First let's set the record straight. I'm not a hard-liner. I believe in freedom and capitalism as the next sensible person. But I think we can all do better with pho pronunciation. It's not difficult, and with minimal effort, proper guidance/demonstration and practice, you'll impress a Vietnamese-speaking person or enjoy watching him/her in shock with such unexpected fluency and command of the language and your knowledge of the dish. Yes, no more "f..." or "ph...", or whatever. So here goes.

Wikipedia correctly makes a distinction between Vietnamese and English versions of written and pronunciation of pho. That is not to say that it is necessarily acceptable or there is nothing more to it. Granted, written words and their pronunciations in other languages have been "Americanized" before (read 'butchered',) so this is nothing new. But in this global economy it's probably a good thing to try saying non-English words as correctly as possible. Hey anything to help foster international friendship and understanding, right? And when it involves "pho", it's even more important to pho lovers and newbies alike.

So, using the International Phonetic Alphabet, the Wiki explains that Phở is pronounced phonetically as [fə̃ː] which sounds like this:

Phở pronunciation from Wikipedia.     
Below are my own versions. There are differences which will be explained below. Both wiki's and my versions are correct pronunciation.

Phở in normal speech.     
Phở in slower speech.     

 

Note: the Wikipedia pronunciation is from a Southern Vietnamese speaker, whereas my pronunciation has both Southern and Northern accents, with probably a 40-60% (South-North) influence. Also I deliberately accentuate to demonstrate the different sounds that exist in the word. Both are phonetically correct and legitimate pronunciation of the word phở.

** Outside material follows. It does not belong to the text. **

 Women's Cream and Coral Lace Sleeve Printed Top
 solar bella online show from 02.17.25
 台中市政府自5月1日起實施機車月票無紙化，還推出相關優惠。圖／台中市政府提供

Sometime a single sound doesn't really do justice. So below are a few additional phrases with proper pronunciation of "pho" in conversational usage so you get a better sense of the word "pho" and its inflections. You should be able to identify "pho" with no trouble. But more importantly you can now identify "pho" even when spoken in Vietnamese. Try numbers 3 and 4 below.

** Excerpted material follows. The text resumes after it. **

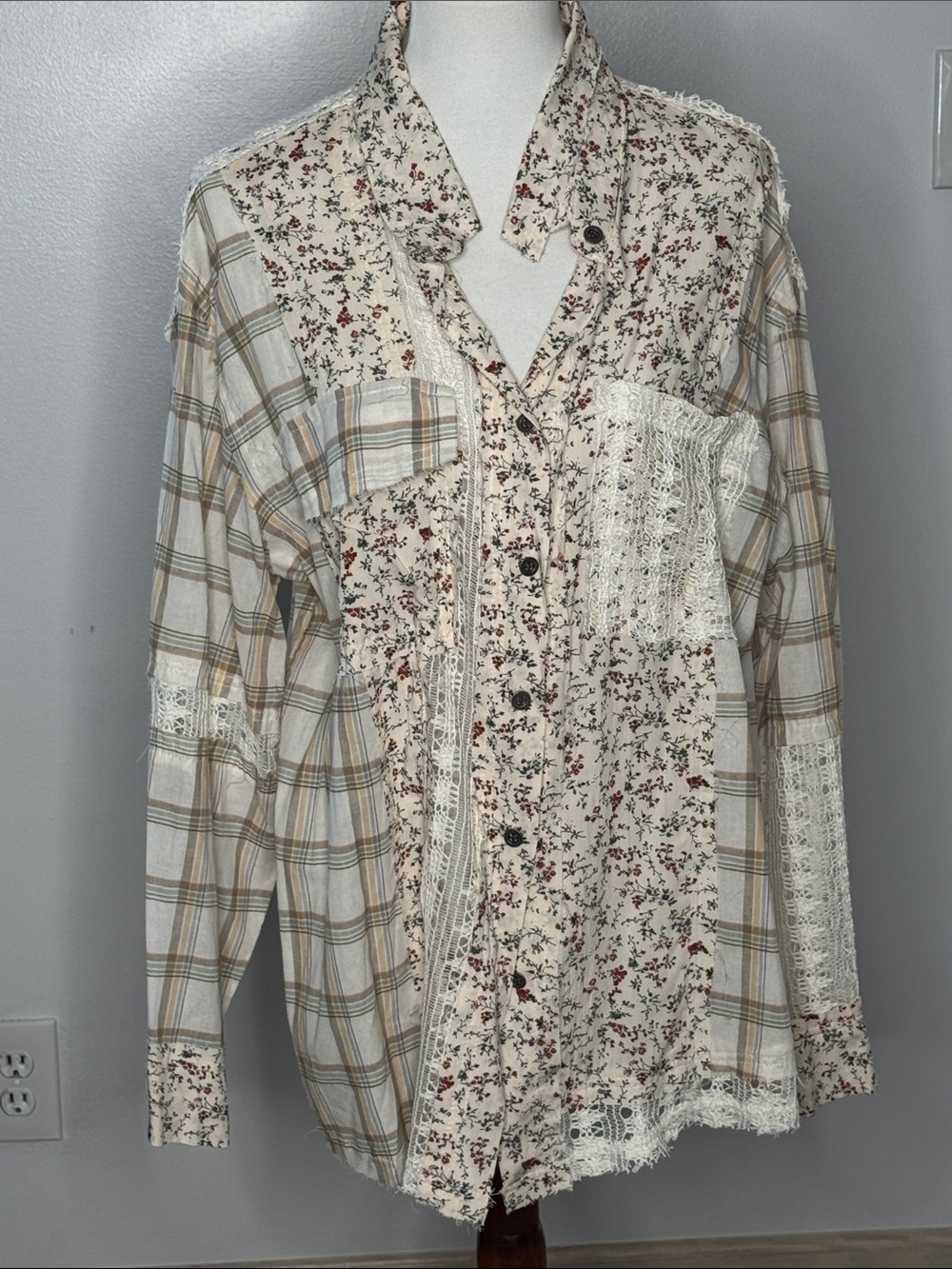 POL Cream Patchwork Floral & Plaid Lace Button-Down Shirt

  1. Let's go have some pho today.     
  2. I had pho with a friend this past weekend.     
  3. Let's meet for pho at about 8 tonight - in Vietnamese.     
  4. How is your beef pho? - to lady friend in Vietnamese.     

There. It's pretty easy isn't it?

Well there is another challenge. North, Central or South Vietnamese accents. Encountering one when you're familiar with another can throw you off, but that's for another post. I can tell you one thing, of the two Vietnamese phrases above, one is Northern and the other, Southern accent. Can you tell which is which? If you promise not to cheat, take this poll below, and the answer is at the end of this article.

Which is Northern Vietnamese accent, recording #3 or #4?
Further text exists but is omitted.